The Russia House and of course the main theme from ChinaTown.


----------



## Parsifal666

I just watched the Edge (hadn't since it came out). Now THERE'S a score, yet another triumph for the greatest film composer ever (imo).


----------



## Kent

robertGL said:


> I'll just add that I love the score for Chinatown, which apparently took him 10 minutes to write



He had 10 days to write it after the first composer got fired.


----------



## Seasharp

kmaster said:


> He had 10 days to write it after the first composer got fired.



I can believe it took only ten minutes. After the haunting trumpet main theme there’s not much else of note. I use to own the full soundtrack CD and only listened to those few tracks that had the main theme.


----------



## Nate Johnson

Star Trek: The Motion Picture (Iila’s theme, come ON!)

Logan’s Run - some serious ARP 2500 action - nuff said

Seconds - way too short, but the main theme is sooooooo good. Like unreal.


----------



## wbacer

In case anyone is interested, there are a few free Jerry Goldsmith scores and cues available for download.

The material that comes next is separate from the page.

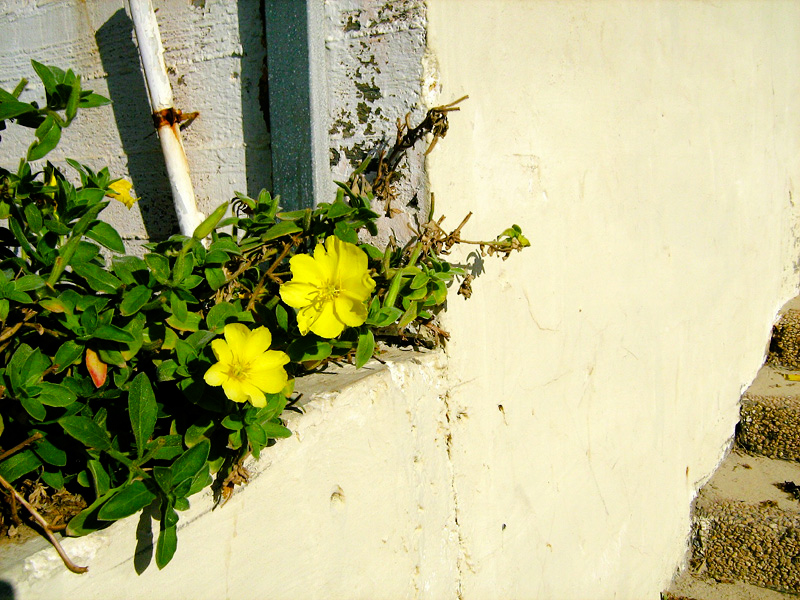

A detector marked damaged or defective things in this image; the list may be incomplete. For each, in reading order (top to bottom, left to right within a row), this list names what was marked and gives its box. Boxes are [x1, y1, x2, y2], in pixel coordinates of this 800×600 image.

rusty metal pipe [127, 0, 203, 239]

reddit: the front page of the internet







www.reddit.com


----------



## iliatilev

*Sleeping with the Enemy* score was great..


----------



## Circe

S U P E R G I R L



I Could be earing from 1.34 min to 2.34 again and again !
Beautifull.
I saw him in a concert in Sevilla ( Spain) time time ago.
G r e a t !!!!!!!


----------



## I like music

Circe said:


> S U P E R G I R L
> 
> 
> 
> I Could be earing from 1.34 min to 2.34 again and again !
> Beautifull.
> I saw him in a concert in Sevilla ( Spain) time time ago.
> G r e a t !!!!!!!




Missed him in concert with the LSO (he was due to conduct, but his health deteriorated so he could not travel). However, this was played, and then played again as the encore. Love that part also!


----------



## Abdulrahman

ka00 said:


> For me, it’s got to be Total Recall. I watched that movie a lot when I was very young, and the score left an indelible mark on me. Could listen to it any day of the week.
> 
> What about you? What’s your pick?


I would have to say Disney's Mulan for sure!


----------



## ed buller

Satan Bug



bliss


e


----------



## Ganvai

The 13th Warrior is maybe my biggest guilty pleasure from Goldsmith.

But there is so much to love

*The Wind and the Lion*
This is a fantastic adventure soundtrack with so many clever and weird ideas. And while Goldsmith had always weird instruments and ideas, especially in his Sci-Fi scores, it is great to hear how he worked this into a more conventional setting.

*Air Force One*
I have to include this one because it is one of the most overlooked soundtracks from Goldsmith. It is simple, straight forward and maybe the best anyone could have done for this movie. I like the movie, it's an okayish action movie (when you are able to look over the tons of patriotism) but it really gets intense with Jerry Goldsmith score. 
For everyone who thinks "Oh, the movie is simple, the soundtrack seems kinda simple, that's not hard to make" you should watch the alternative score from Randy Newman for one of the most intense Action Scenes ever made ("The Hijacking"). Newman did some very good music, but it lacks the simplicity and straightness of Goldsmiths score. 
So even this score is not the "best" or "most complex" from Goldsmiths works, it shows one of his strength best: His ability to maintain the very soul of a film in his music, without using weird instruments or super experimental elements that would distract the listener from the movie itself, but just with melodies and the use of his orchestra. 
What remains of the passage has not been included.